Carlos Aranda

Personal information
- Full name: Carlos Reina Aranda
- Date of birth: 27 July 1980 (age 46)
- Place of birth: Málaga, Spain
- Height: 1.85 m (6 ft 1 in)
- Position: Forward

Youth career
- Real Madrid

Senior career*
- Years: Team / Apps / (Gls)
- 1999–2000: Real Madrid C / 32 / (14)
- 2000–2002: Real Madrid B / 37 / (16)
- 2002: Numancia / 13 / (3)
- 2002: Villarreal / 8 / (1)
- 2003: Numancia / 15 / (5)
- 2003–2004: Albacete / 25 / (8)
- 2004–2006: Sevilla / 16 / (1)
- 2005–2006: → Albacete (loan) / 24 / (4)
- 2006–2007: Murcia / 26 / (11)
- 2007–2008: Granada 74 / 15 / (2)
- 2008–2009: Numancia / 20 / (6)
- 2009–2011: Osasuna / 49 / (9)
- 2011: Levante / 10 / (0)
- 2012–2013: Zaragoza / 24 / (2)
- 2013: Granada / 17 / (1)
- 2013–2014: Las Palmas / 24 / (6)
- 2014–2015: Numancia / 8 / (2)
- Total:  / 363 / (91)

International career
- 1998: Spain U17 / 3 / (1)

= Carlos Aranda =

Spanish professional footballer (born 1980)

Carlos Reina Aranda (born 27 July 1980) is a Spanish former professional footballer who played mainly as a forward.

He amassed La Liga totals of 169 games and 28 goals over 11 seasons after emerging from Real Madrid's youth academy, representing in the competition Villarreal, Albacete, Sevilla, Numancia, Osasuna, Levante, Zaragoza and Granada. He added 125 matches and 33 goals in the Segunda División, in a 17-year senior career.

==Club career==
Aranda was born in Málaga, Andalusia. A product of Real Madrid's youth system, he never appeared, however, in any La Liga matches with the first team. He played, however, a small part in two UEFA Champions League-winning squads, appearing against Molde FK (1999–2000) and FC Lokomotiv Moscow (2001–02).

In January 2002, Aranda moved to CD Numancia, being instrumental in helping the Soria club to barely retain its Segunda División status. This prompted a move at the end of the season to Villarreal CF on a five-year contract but, as opportunities were scarce with the Valencian Community side, he returned to Numancia in January 2003.

Aranda joined Sevilla FC in 2004–05, scoring in his UEFA Cup debut, a 2–0 home win over Alemannia Aachen on 4 November 2004. He was relatively used during the campaign, but was deemed surplus to requirements after the arrivals of Luís Fabiano, Frédéric Kanouté and Javier Saviola, and left for Albacete Balompié on loan – he had already represented the Castilla–La Mancha team the previous season.
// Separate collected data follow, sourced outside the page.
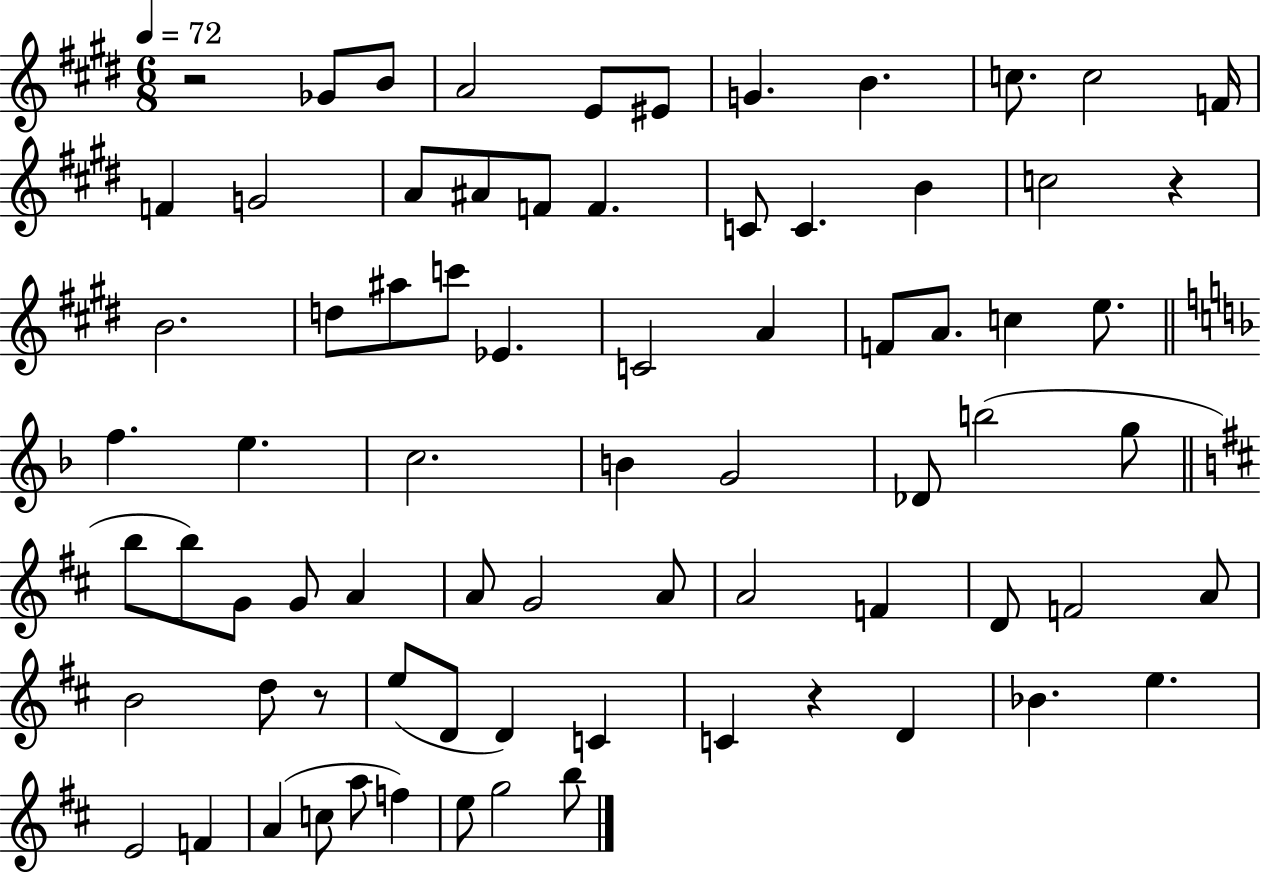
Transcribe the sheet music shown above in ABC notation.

X:1
T:Untitled
M:6/8
L:1/4
K:E
z2 _G/2 B/2 A2 E/2 ^E/2 G B c/2 c2 F/4 F G2 A/2 ^A/2 F/2 F C/2 C B c2 z B2 d/2 ^a/2 c'/2 _E C2 A F/2 A/2 c e/2 f e c2 B G2 _D/2 b2 g/2 b/2 b/2 G/2 G/2 A A/2 G2 A/2 A2 F D/2 F2 A/2 B2 d/2 z/2 e/2 D/2 D C C z D _B e E2 F A c/2 a/2 f e/2 g2 b/2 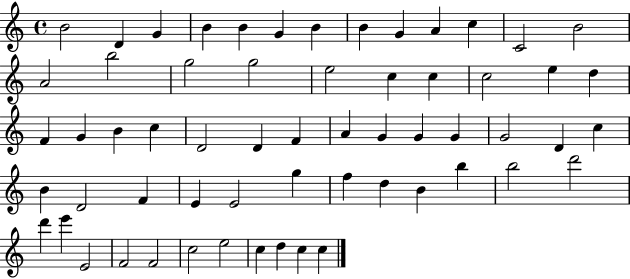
B4/h D4/q G4/q B4/q B4/q G4/q B4/q B4/q G4/q A4/q C5/q C4/h B4/h A4/h B5/h G5/h G5/h E5/h C5/q C5/q C5/h E5/q D5/q F4/q G4/q B4/q C5/q D4/h D4/q F4/q A4/q G4/q G4/q G4/q G4/h D4/q C5/q B4/q D4/h F4/q E4/q E4/h G5/q F5/q D5/q B4/q B5/q B5/h D6/h D6/q E6/q E4/h F4/h F4/h C5/h E5/h C5/q D5/q C5/q C5/q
Aranda's second spell with Albacete finished on a sour note, as he was accused of unprofessional behaviour by the club. He responded claiming he had been forced to appear at a press conference to show repentance for his actions.
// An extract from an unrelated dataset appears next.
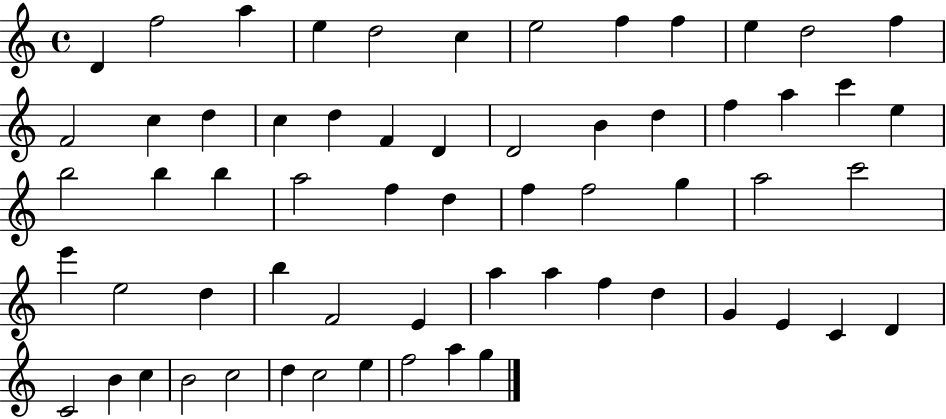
D4/q F5/h A5/q E5/q D5/h C5/q E5/h F5/q F5/q E5/q D5/h F5/q F4/h C5/q D5/q C5/q D5/q F4/q D4/q D4/h B4/q D5/q F5/q A5/q C6/q E5/q B5/h B5/q B5/q A5/h F5/q D5/q F5/q F5/h G5/q A5/h C6/h E6/q E5/h D5/q B5/q F4/h E4/q A5/q A5/q F5/q D5/q G4/q E4/q C4/q D4/q C4/h B4/q C5/q B4/h C5/h D5/q C5/h E5/q F5/h A5/q G5/q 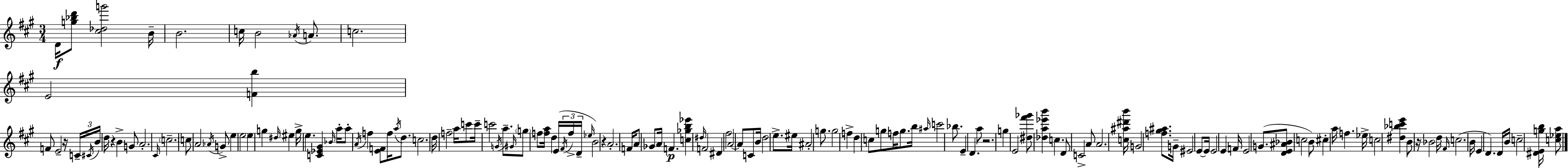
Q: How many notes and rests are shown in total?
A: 147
After being instrumental in Real Murcia CF's return to the top flight in 2007 by netting 11 goals, squad second-best behind Iván Alonso, Aranda had an unassuming spell with Granada 74 CF. After spending the first months of 2008–09 training with lowly CF Gavà, in December 2008 he signed with Numancia for a third stint, appearing and scoring regularly but suffering top-division relegation.
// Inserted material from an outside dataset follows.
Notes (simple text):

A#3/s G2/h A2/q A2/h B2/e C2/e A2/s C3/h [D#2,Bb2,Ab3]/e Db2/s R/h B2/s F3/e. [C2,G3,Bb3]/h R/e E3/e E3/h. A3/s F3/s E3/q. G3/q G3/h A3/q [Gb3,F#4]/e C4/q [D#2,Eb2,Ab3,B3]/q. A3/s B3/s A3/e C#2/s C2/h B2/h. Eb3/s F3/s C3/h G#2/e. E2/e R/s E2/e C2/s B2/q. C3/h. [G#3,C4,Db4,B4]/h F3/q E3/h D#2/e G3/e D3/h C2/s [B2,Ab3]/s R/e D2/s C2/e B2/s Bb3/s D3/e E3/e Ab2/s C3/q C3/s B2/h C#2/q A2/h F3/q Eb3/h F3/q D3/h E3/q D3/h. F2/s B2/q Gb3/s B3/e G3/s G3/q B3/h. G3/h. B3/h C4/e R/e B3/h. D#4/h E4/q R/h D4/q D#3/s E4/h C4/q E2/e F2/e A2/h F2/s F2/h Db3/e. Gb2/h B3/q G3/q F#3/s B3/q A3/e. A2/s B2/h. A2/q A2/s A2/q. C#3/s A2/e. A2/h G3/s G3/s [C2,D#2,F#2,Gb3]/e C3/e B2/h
On 16 July 2009, Aranda moved to CA Osasuna as part of a deal that saw Kike Sola move in the opposite direction, on loan for a season. In his second year with the Navarrese, he scored four times but also struggled with injuries and loss of form, and Sola also returned to the starting XI, eventually finishing as top scorer.

In July 2011, aged 31, Aranda signed for Levante UD. In January of the following year, after having received very little playing time, he joined fellow top-tier side Real Zaragoza. On 25 February 2012, he put the visitors ahead at hometown's Málaga CF, who eventually won 5–1.

Aranda switched clubs again in the winter transfer window of 2013, signing for his eighth in the Spanish main division, Granada CF, the most for any player.